1. [FIXME's](#head-1)
1. [Login](#head-2)
1. [Set dataset formats](#head-3)
1. [Create and pull train dataset](#head-4)
1. [Create and pull val dataset](#head-5)
1. [Create and pull test dataset](#head-6)
1. [List the created datasets](#head-7)
1. [Create an experiment](#head-8)
1. [List experiments](#head-9)
1. [Assign train, eval datasets](#head-10)
1. [Assign PTM](#head-11)
1. [Actions](#head-14)
1. [Train](#head-14)
1. [Delete experiment](#head-21)
1. [Delete dataset](#head-22)

### Requirements
Please find the server requirements [here](https://docs.nvidia.com/tao/tao-toolkit/text/tao_toolkit_api/api_setup.html#)

In [None]:
import json
import os
import requests
import time
from IPython.display import clear_output
import glob
from remove_corrupted_images import remove_corrupted_images_workflow

### To see the dataset folder structure required for the models supported in this notebook, visit the notebooks under dataset_prepare like for [this notebook](../dataset_prepare/classification.ipynb)

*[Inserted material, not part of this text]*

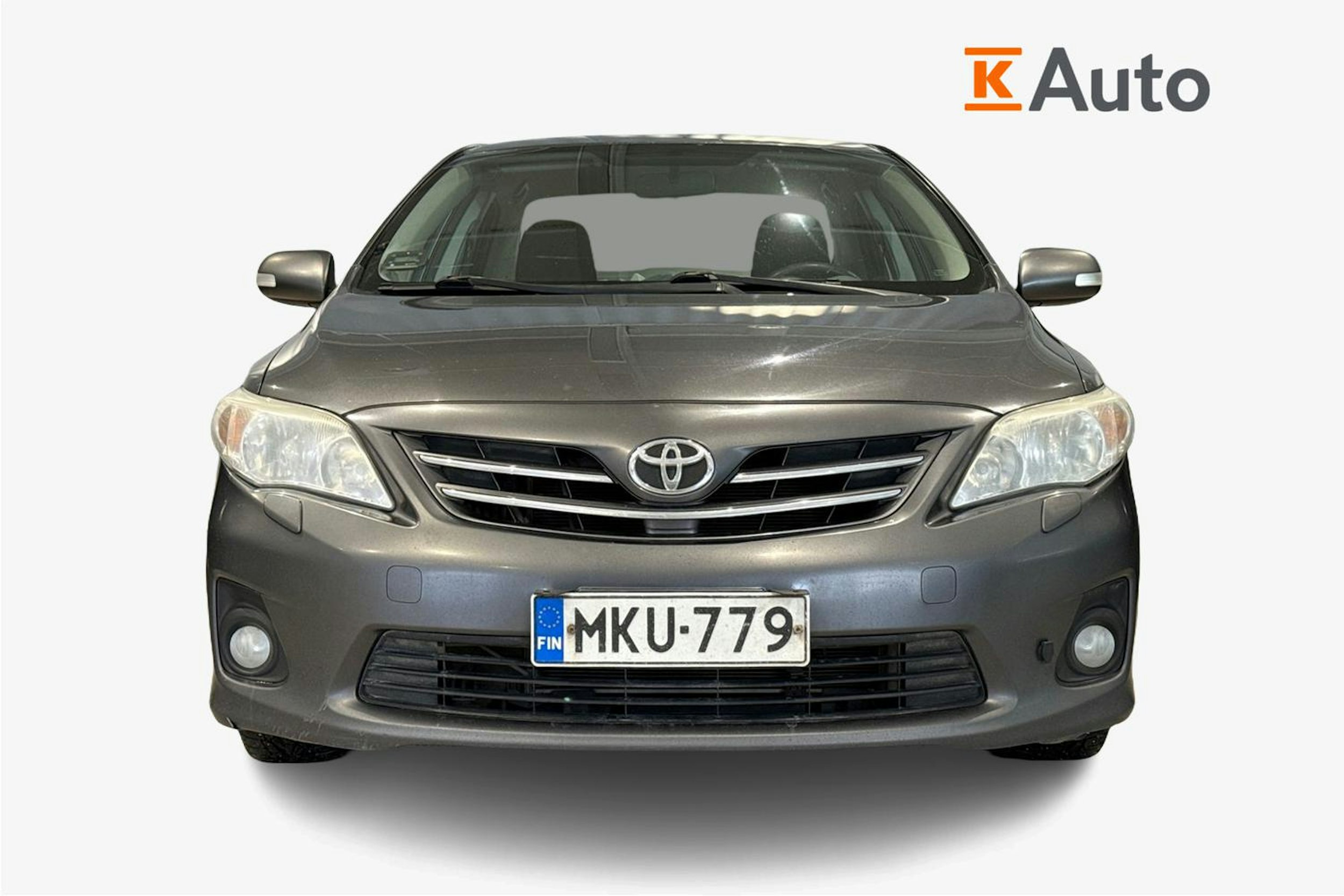 harmaa Toyota Corolla 2013 kuva 4.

### FIXME's <a class="anchor" id="head-1"></a>

1. Assign a model_name in FIXME 1
1. Assign the functionID of the helm chart function in FIXME 2
1. Assign the versionID of the helm chart function in FIXME 3
1. Assign the ngc_key variable in FIXME 4
1. Assign the ngc_org_name variable in FIXME 5
1. Set cloud storage details in FIXME 6
1. Assign path of datasets relative to the bucket in FIXME 7

#### Choose a classification model

In [None]:
# Define model_name workspaces and other variables
# Available models (#FIXME 1):
# 1. classification_pyt - https://docs.nvidia.com/tao/tao-toolkit/text/image_classification.html
# 2. classification_tf2 - https://docs.nvidia.com/tao/tao-toolkit/text/image_classification_tf2.html

model_name = "classification_pyt" # FIXME1 (Add the model name from the above mentioned list)

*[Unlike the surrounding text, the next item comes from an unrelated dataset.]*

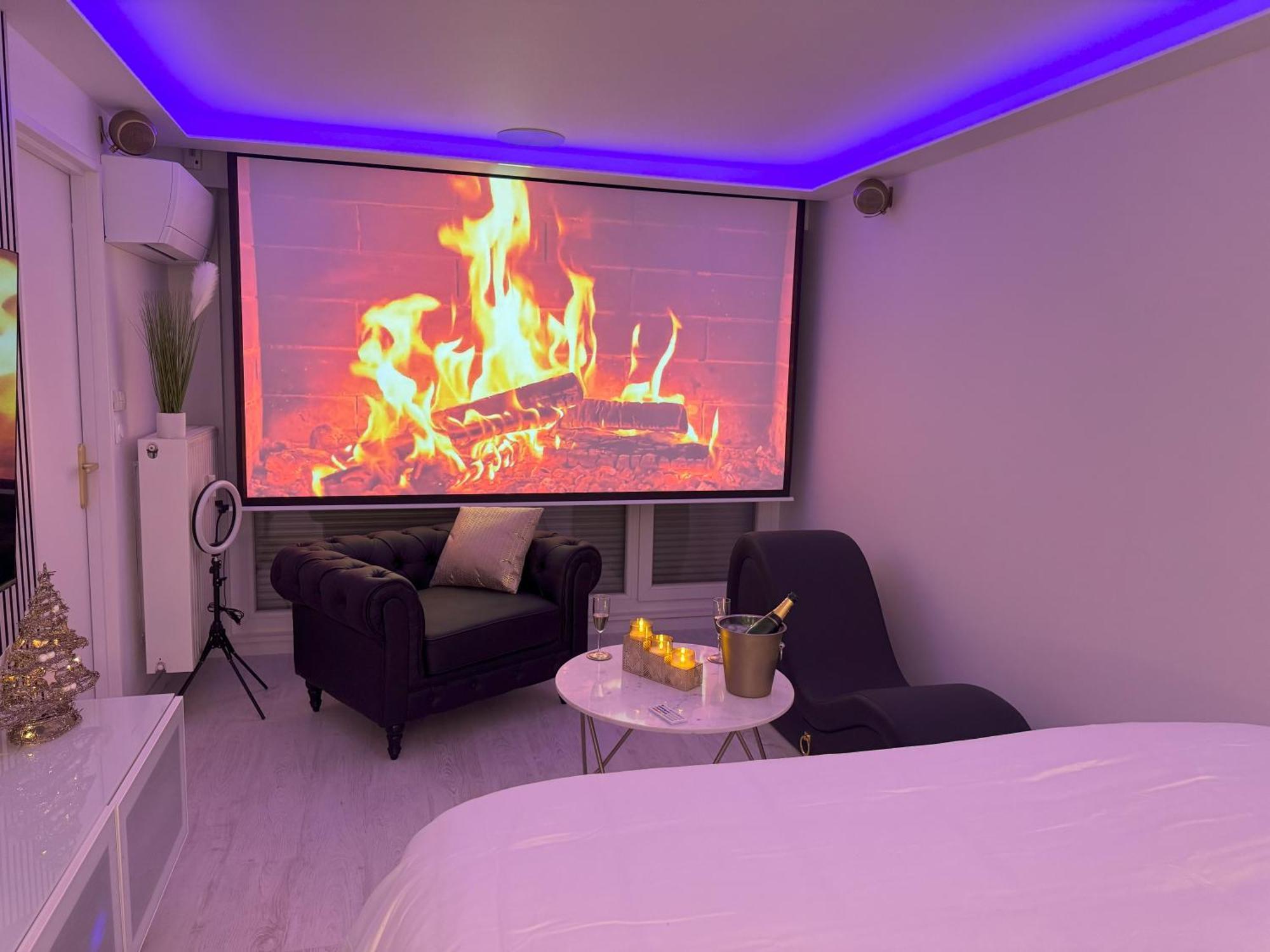 Appartement Loveroom De Luxe Avec Jacuzzi Sauna Vapeur Ecran 300 Cm *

#### Set API service's host information

In [None]:
functionId = "9c252c9c-6559-4b16-b464-cbc87fc4ab7a" # FIXME2
version_id = "4d0faf19-1443-42b2-8abd-40ab8297ef8a" # FIXME3

#### Set NGC Personal key for authentication and NGC org to access API services

In [None]:
ngc_key = "" # FIXME4 example: (Add NGC Personal key)

In [None]:
ngc_org_name = "ea-tlt" # FIXME5 your NGC ORG

In [None]:
# Invoke NVCF helm chart deployment
def invoke_function(request_body):
    url = f"https://api.nvcf.nvidia.com/v2/nvcf/pexec/functions/{functionId}/versions/{version_id}"

    headers = {
        'accept': 'application/json',
        'Content-Type': 'application/json',
        "Authorization": f"Bearer {ngc_key}",
    }

    response = requests.post(url, headers=headers, json=request_body)

    if response.ok:
        return response
    else:
        print("Request failed.")
        print("Response status code:", response.status_code)
        print("Response status code:", response.text)
        print("Response content:", response.json())


### Login <a class="anchor" id="head-2"></a>

In [None]:
# Validate NGC_PERSONAL_KEY
login_metadata = {"ngc_org_name": ngc_org_name,
                   "ngc_key": ngc_key}
super_data = {
    "api_endpoint": "login",
    "request_body": json.dumps(login_metadata),
    "ngc_key": ngc_key
}
response = invoke_function(super_data)
print(response)
print(response.json())
assert response.status_code in (200, 201)
assert "token" in response.json().keys()
token = response.json()["token"]
print("JWT",token)

### Get NVCF gpu details <a class="anchor" id="head-2"></a>

 One of the keys of the response json are to be used as platform_id when you run each job

In [None]:
# # Valid only for NVCF backend during TAO-API helm deployment currently
# endpoint = f"{base_url}:gpu_types"
# response = requests.get(super_endpoint, headers=headers)

# assert response.ok
# print(response)
# print((json.dumps(response.json(), indent=4)))

### Create cloud workspace
This workspace will be the place where your datasets reside and your results of TAO API jobs will be pushed to.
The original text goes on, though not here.